このルールは主に戦争の方針を定めたものであり、大まかに分けると、二国間で戦略マップ半分の領域を使いつつ戦争を行う通常戦、二国間にて戦場を一カ所に限定して行う遭遇戦、四国が中央の戦術マップにて一斉に戦争するE4指定戦、従来通り戦略マップ全域を使って四国での戦争を行う乱戦の四つ。これらは当事国同士の外交役と呼ばれるプレイヤー同士の話し合われ、主にその時ログインしているプレイヤーの人数を考慮して決定される。
これら以外にも細かく分けると更に幾つか細かい戦争方法があり、またこういったユーザー主導のスタイルが更に増長され、後に戦争以外のことに関しても幾つかの決め事が作られた。これにはゲーム内にプレイヤーがある程度の地位と権力を確立できる、政治制度を模したシステムが存在する事も一つの原因となっており、この事は後々新規プレイヤーと古参プレイヤーとの間に大きな確執を生む遠因、或いは直接の原因となった。
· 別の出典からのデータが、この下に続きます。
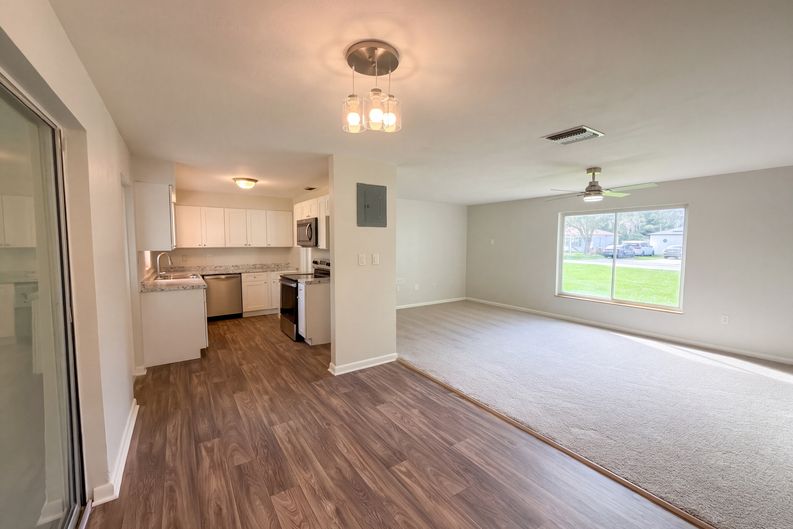 Photo 7 of 24 of 411 W Seminole Ave, Eustis, FL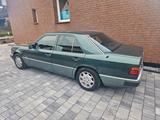 Mercedes-Benz 220 E Sport W124 - Mercedes-Benz W124 aus dem Jahr 1992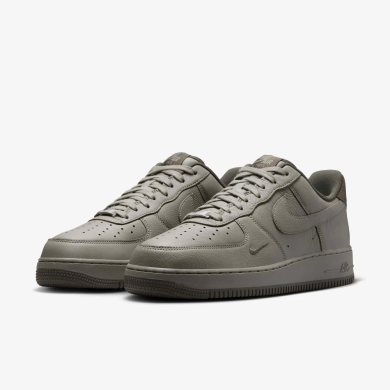 Мужские кроссовки Nike Air Force 1 '07 LV8 'Light Army' (HM9483-300), EUR 38,5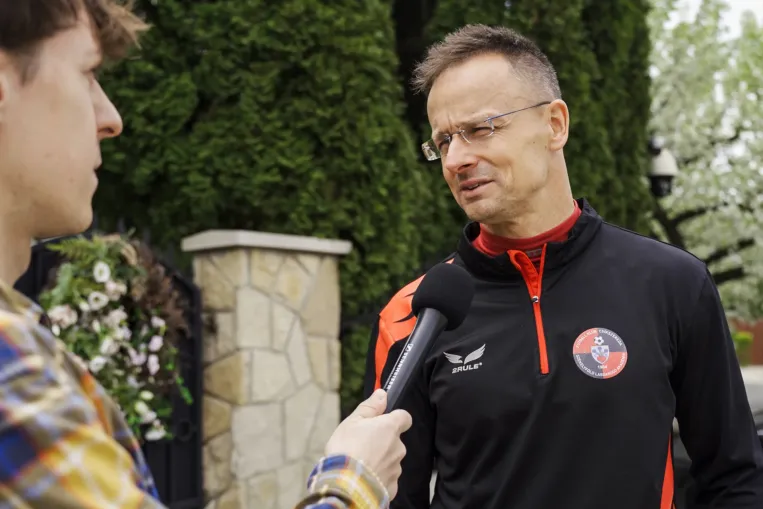 Szijjártó: Mindenképpen a másik oldalnak fogok interjút adni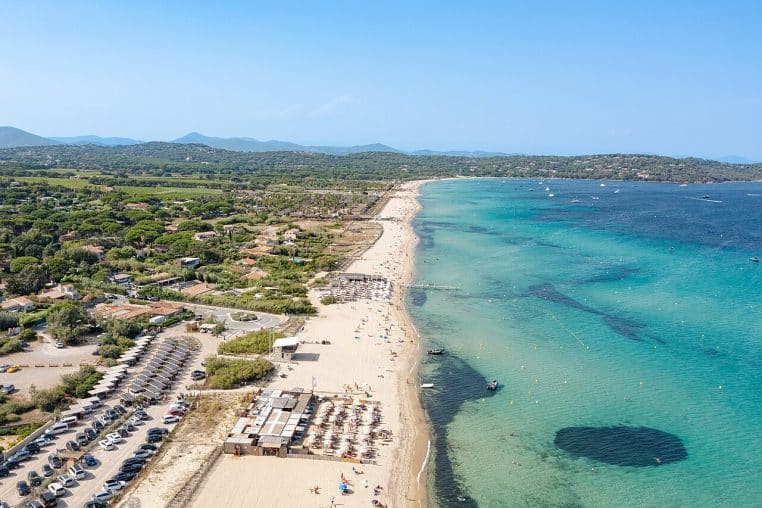 Vue aérienne d’un parking et de restaurants bordant la plage de Pampelonne.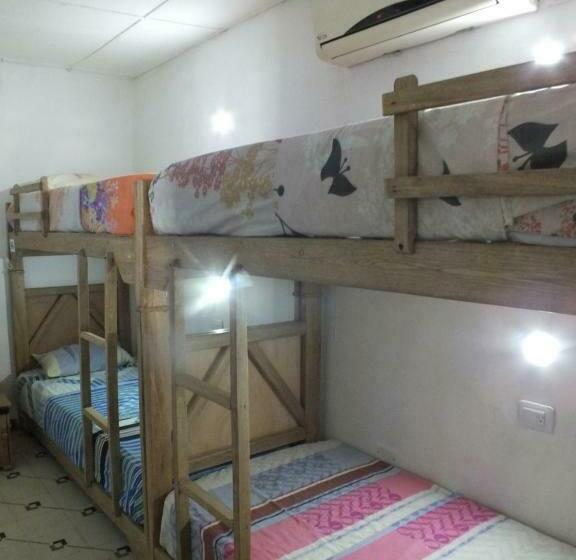 스탠다드 4인용 룸 공용 욕실, Malecón Del Rio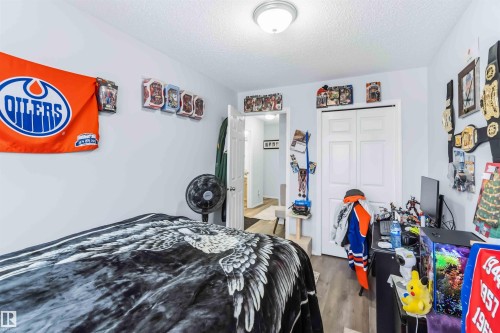 10 451 Hyndman Crescent, Edmonton, AB - Indoor Photo Showing Bedroom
特に無料化以後の新規プレイヤーの中にはこのローカルルールについて戸惑いを隠せない者も少なくなかった模様で、無料化後ユーザー数が一時的に増えた後、再び減少してしまったのはローカルルールのせいだ、と批判する者もいた。但しこれは無料化以後の一部プレイヤーがローカルルールを履き違えて推進してしまったためだ、という反論もなされており、真偽の程は不明である。
[編集] 問題点
無料化する前に大きく人数の減少した時期があった。 メンテナンス後に一部の人にキャラクターデータの消滅があり 種類もさまざまにユニットデータ、キャラクターステータス、勲章、人によってはIDそのものが消えた事もあった。
そこのとにネクソンジャパンは何ら告知・謝罪・復旧・保障が発表されることはなく、多くの人が去って人数減少に拍車をかけることになった。